Sin embargo, dudo de que la salud del sistema político español pueda soportar la presión constante que implica ese deseo de muchos ciudadanos catalanes de separarse del resto de la nación, "con razón y sin ella", que diría Cánovas. Un deseo nunca corroborado empíricamente —ni siquiera por la reciente consulta— pero crónicamente instrumentado por políticos para los cuales la independencia implica cambios muy ventajosos en su situación personal. No sería la primera vez que en Europa un país se divide en dos estados independientes. Tampoco sería la primera en que el deseo de independencia de algunos políticos es desautorizado por los ciudadanos. Pero en cualquier caso la estrategia actual del Gobierno que consiste en enrocarse en la Constitución y la ley no parece la mejor opción; si ese fuera el único obstáculo bastaría con cambiar esos textos. Ambas partes hablan sin cesar de principios generales (la unidad de España o la autodeterminación) y callan sobre sus consecuencias.

Creo que hay que dejar de hablar de "unidades indisolubles", de "hechos diferenciales" o de "derechos históricos" para dedicarse a estudiar y comunicar a los ciudadanos las consecuencias concretas de las posturas que se discuten, un tema casi ausente en las recientes discusiones. ¿Qué ventajas e inconvenientes implicaría para Cataluña la independencia? ¿En qué aspectos perjudicaría a España esa decisión? ¿Qué pasaría con la integración en la Unión Europea? ¿Cuál sería el destino del euro? ¿Qué capacidad de influencia se ganaría o se perdería en las relaciones internacionales? ¿Cómo se gestionaría la separación legal de la economía de ambos territorios? ¿Cómo se pagarían las deudas del Estado? Presentando también propuestas sobre otras formas de vinculación de Cataluña con el resto de España, como distintos tipos de federalismo, y abriendo la posibilidad de celebrar un referéndum convocado por el Estado dentro de uno o dos años, al modo de Escocia, después de una amplia información a los ciudadanos.

Por supuesto que este camino tiene inconvenientes y dificultades, por eso en el título se habla de una proposición modesta que no excluye dudas sobre su viabilidad. Una decisión de los catalanes que optara por la independencia traería aparejadas consecuencias que se impondrían a  los demás españoles sin haber participado en esa decisión. También podría conducir a Cataluña a una nueva crisis. Podrían iniciarse procesos similares en otras autonomías o en otras regiones, multiplicando indefinidamente los sujetos de la autodeterminación que se pide.
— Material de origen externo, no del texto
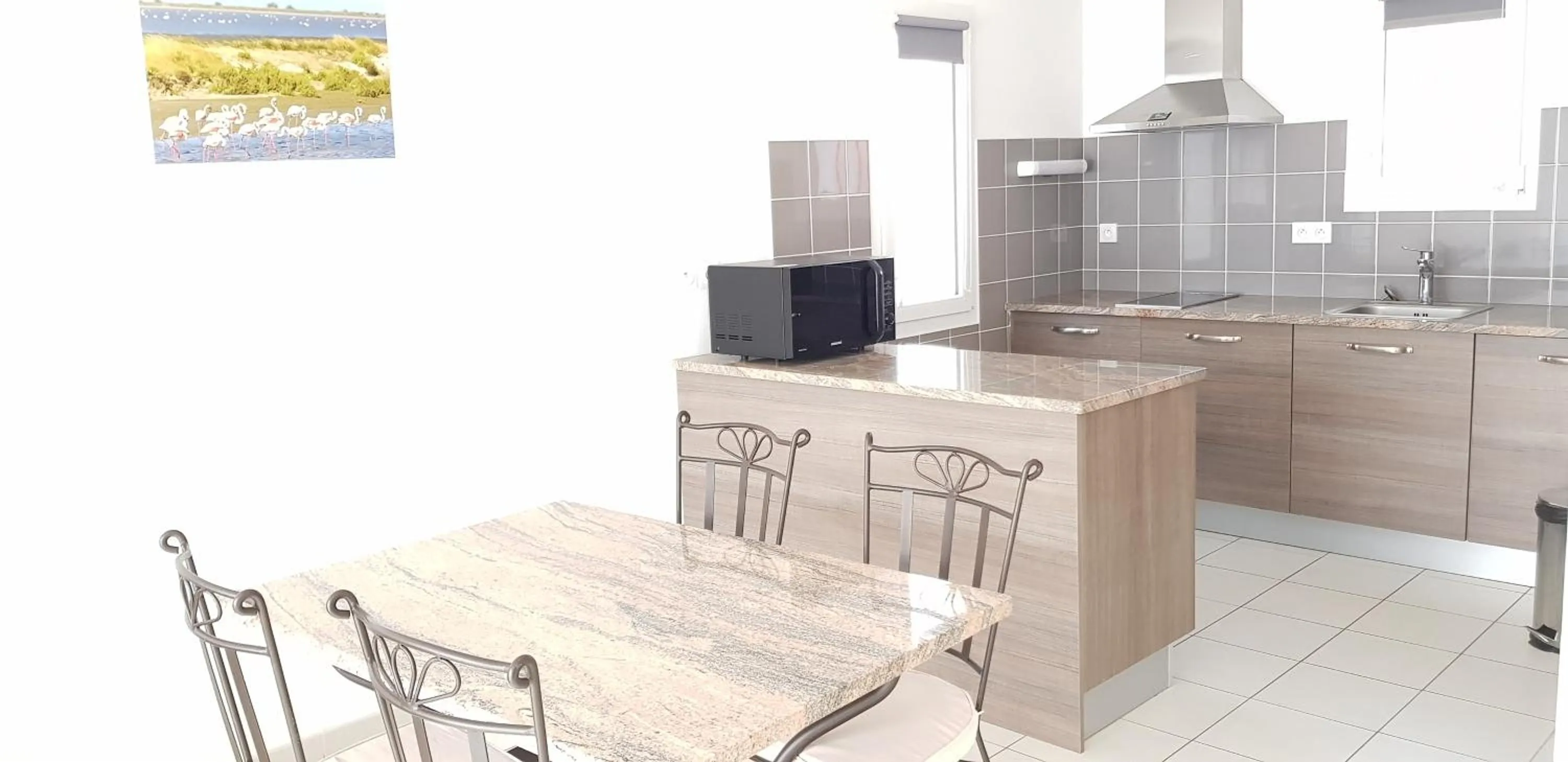 Kitchen or kitchenette in Appart'hotel Résidence La Provence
Tampoco sería fácil formular las preguntas adecuadas para no distorsionar la voluntad de los votantes. Pero quizás sea preferible  correr estos riesgos antes que dejar enquistado un problema que lleva ya mucho tiempo complicando la gestión política y económica de España. En cualquier caso, lo que me parece indispensable es la renuncia a esas grandes palabras escritas con mayúsculas que no dejan ver lo único que importa: la mejor manera de convivir los ciudadanos catalanes con los del resto de España y de Europa.